Each of them had some idea of what Singapore was like, but it was their first time in the country, and they were about to dispel many expectations.
“I was not entirely sure if Singapore had a tech start-up ecosystem,” admitted Sam.
“I had no idea what to expect of the country beyond what Crazy Rich Asians portrayed to me,” said Austin. Like Sam, Austin was eager to learn more about Singapore’s tech start-up culture first-hand.
“Food and transportation were much more affordable than I thought,” revealed Bryan. “I expected everything to be extremely expensive!”
Sam and Austin found roles in EverComm, an IoT/AI analytics start-up that creates cost-effective energy solutions to tackle climate change. For his internship, Bryan worked as a business strategy and operations analyst at Arcstone, an IoT start-up that optimises manufacturing solutions.
As part of their internship, the three were given opportunities to work in a variety of roles spanning several projects.

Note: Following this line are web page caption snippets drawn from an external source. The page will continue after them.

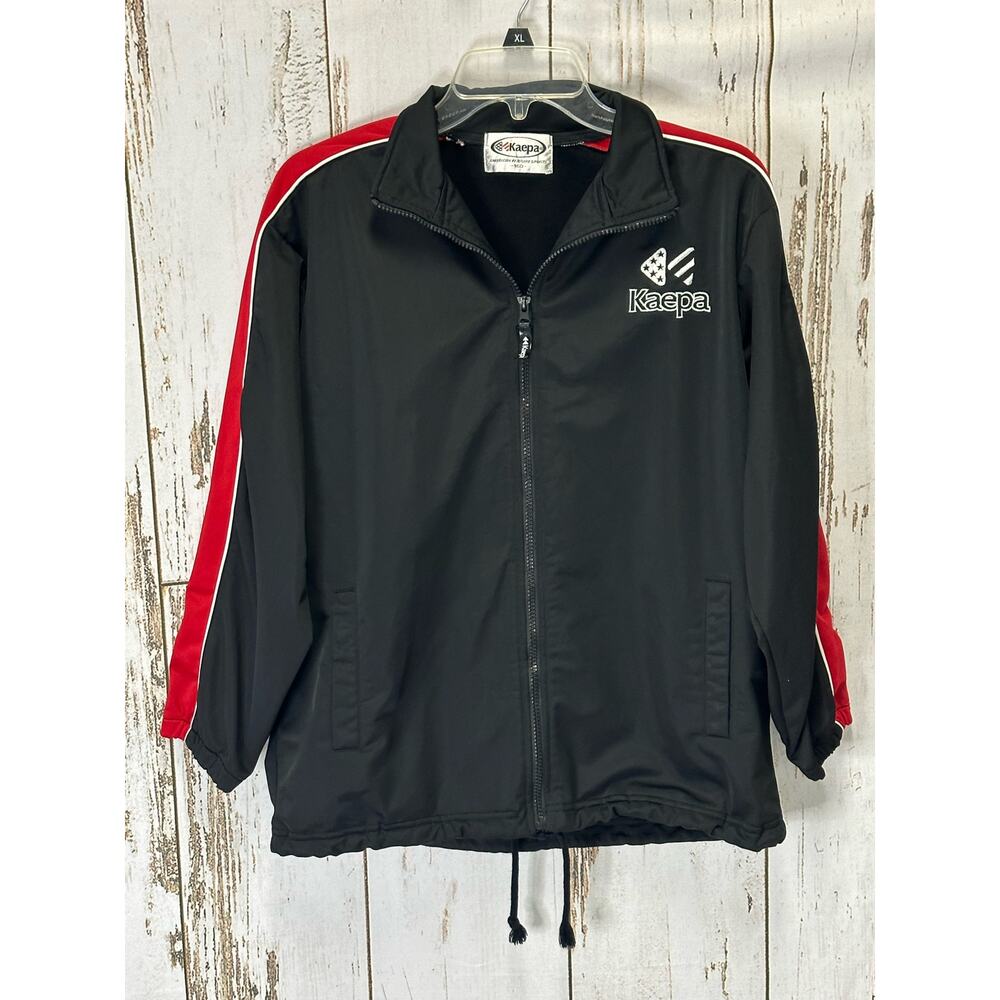 Vintage 90s Kaepa Red/ Black Zip Up Jacket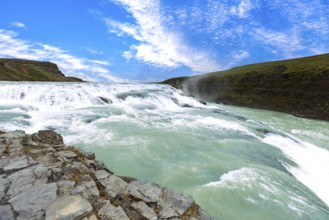 Reykjavik, tour to scenic Gullfoss Falls, a part of Iceland Golden Circle travel destination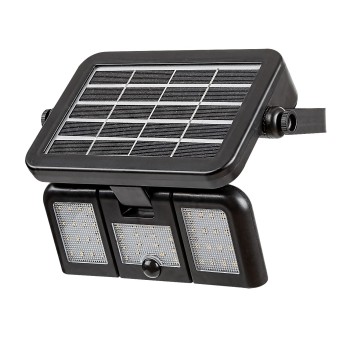 Lampa solara Lihull negru Rabalux 77020, 9.6W, IP44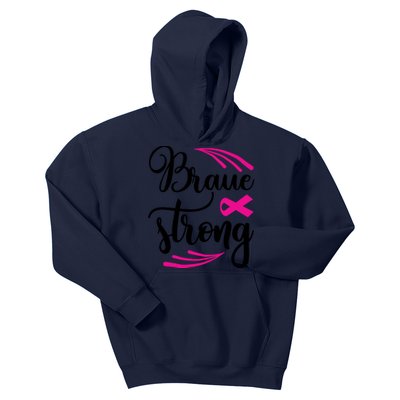 Braue Strong Breast Cancer Kids Hoodie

These also involved cross-border collaboration, either with team members from other parts of the region, or international clients. It was the first time they had been given such responsibilities, which allowed them to challenge themselves in a professional environment.
Bryan’s role as a business strategy and operations analyst gave him the opportunity to hone his critical thinking and research skills as he got to work with both tech and marketing teams.
“I was very impressed by how diligent and hardworking software developers at Arcstone are. They are incredibly passionate about creating top-tier solutions and constantly go above and beyond to deploy an impressive product for clients.”
Bryan also appreciated working directly with the company’s founders and felt the many opportunities he was given built his confidence. As a result, he also has a better idea of what he does and does not like in a work environment.
All three acknowledge the priceless value of working with others from various cultures, backgrounds and career experiences. But the diversity didn’t stop at the workplace.
As part of the experience, the three were exposed to different cultural enclaves in Singapore.
Austin’s first impressions of Singapore were based on the limited portrayal of the country in Crazy Rich Asians. Having lived in Singapore for several months, Austin now truly appreciates how the multiple cultures in Singapore were able to retain their traditions and stay distinct from each other.
“There’s a potpourri of foods, architecture, and languages being spoken other than English all across Singapore,” he gushed. “This is what Singapore is actually like!”
Getting to explore these new cultures in a single country was really exciting for Sam.
“Singapore has given me an opportunity to see the rest of Asia. If I had stayed in the US, I wouldn’t have had the opportunity to learn so much about culture and history. When exploring the Peranakan neighbourhoods, I learnt one man owned most of the buildings along a particular street!”
He also appreciated Singapore’s proximity to nearby countries, a point which both Bryan and Austin echoed.
Another thing all three unanimously agreed on? They would jump at the chance to experience Singapore again.
“Singapore is an option for my future career should I want to become an entrepreneur,” revealed Sam. “If you can forget about the heat!”
“I definitely want to work in Singapore, or somewhere in Asia, in the future,” said Austin. “I see myself coming back for a vacation, at least!”
In fact, Bryan’s already taken the next step to seeing Singapore again.
“I am returning next year for a study-abroad programme at NUS! I cannot wait to return.”